Unlike Fran (comparisons here only for their own sake rather than because i value one set over the other), she is keen to grow up, keen to read, keen to “do work”, keen to do things for herself. She is so the Montessori child i never got round to Monte-ing. She gets herself drinks, makes herself snacks, works out ways of doing things for herself. She relys on Fran quite a bit for some things (mainly putting on DVDs and following instructions) but otherwise she is really coming into the person she is going to be. At the end of the summer, with a few tears, she finally dumped her bottle of milk and decided she would have a glass of water instead. The effect of dumping milk has definitely been an improvement in her behaviour. I always knew it to be the case, though i don’t go a bundle on those things as a rule, but dumping her comfort bottle was a tough choice to make so we settled on limiting it. But with the bottle of milk has gone a lot of her introvertedness and also a good deal of the thumb sucking and twiddling; she rarely does either now, unless under stress. And with the bedtime drink going, she has started to conquer bedtime wetting too – for the last week or so she has not worn pull ups and we’ve only had the odd accident. Bravo Maddy.

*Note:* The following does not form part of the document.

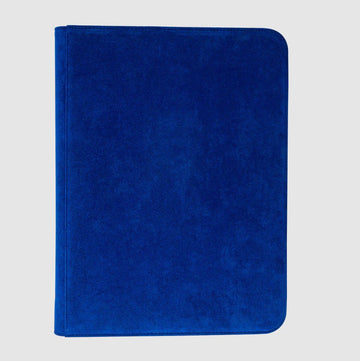 Ultra Pro: Vivid Deluxe 9-Pocket Zippered - Blue
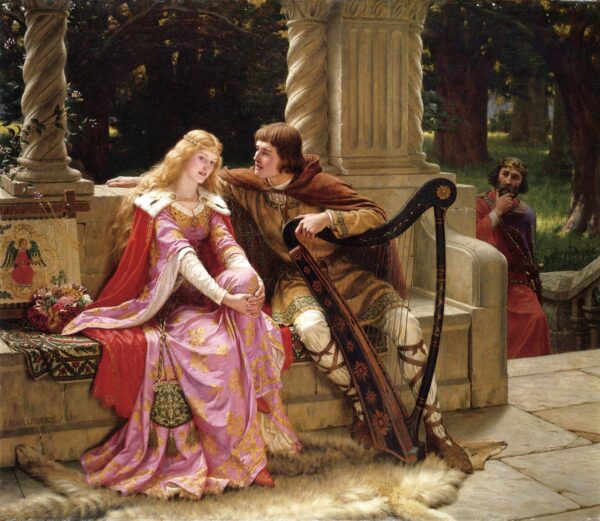 Tristan und Isolde – Edmund Leighton Edmund Leighton 2024-11-21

Fran isn’t changing much at the moment; she is making slow but steady progress on reading but with considerable self-directed effort. She seems to be concentrating on other skills, not least computer and written ones. It’s all coming together slowly for her but in lots of other ways she is broadening a great deal. She slowly developing more outwardly confident social skills, widening friendships beyond those i know about or can guide. She has good friends at Brownies, Gym and HE groups – she still needs a tiny push if me or her sisters are about but she manages very well without them. I can hardly remember the terrified 3 year old that i knew couldn’t go to school; she isn’t who i imagined she’d be at 5 either. What i’ve got, it seems is a surprisingly self-complete little person who seems quite comfortable with her own company but can get what she needs or wants from any situation.

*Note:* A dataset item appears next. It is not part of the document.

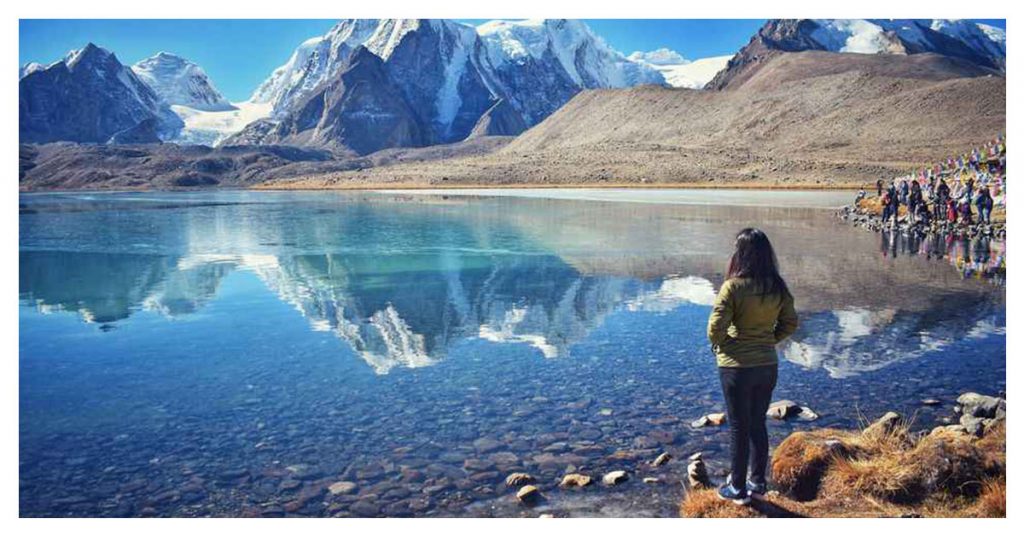 Gurudongmar Lake, India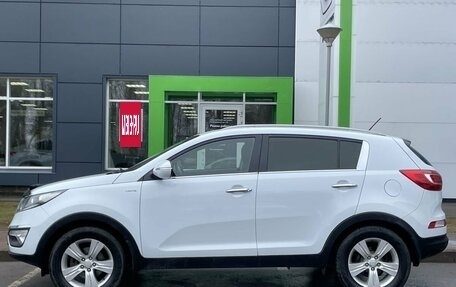 KIA Sportage III, 2014 год, 1 315 000 рублей, 8 фотография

Her biggest achievements at the moment are physical ones; one handed cartwheels, handstands into forward rolls or crabs, walking on her hands – it’s endless. She sees something new at Gym and she works on it till she can do it. The skipping yesterday was a case in point; she wanted to be able to do 60 skips, she could only do 10. I’d have given up; 20 miutes later she had cracked it. I don’t know where this athletic little girl came from, but i’m delighted to see her. The motivation she has to master skills makes me enormously proud of her.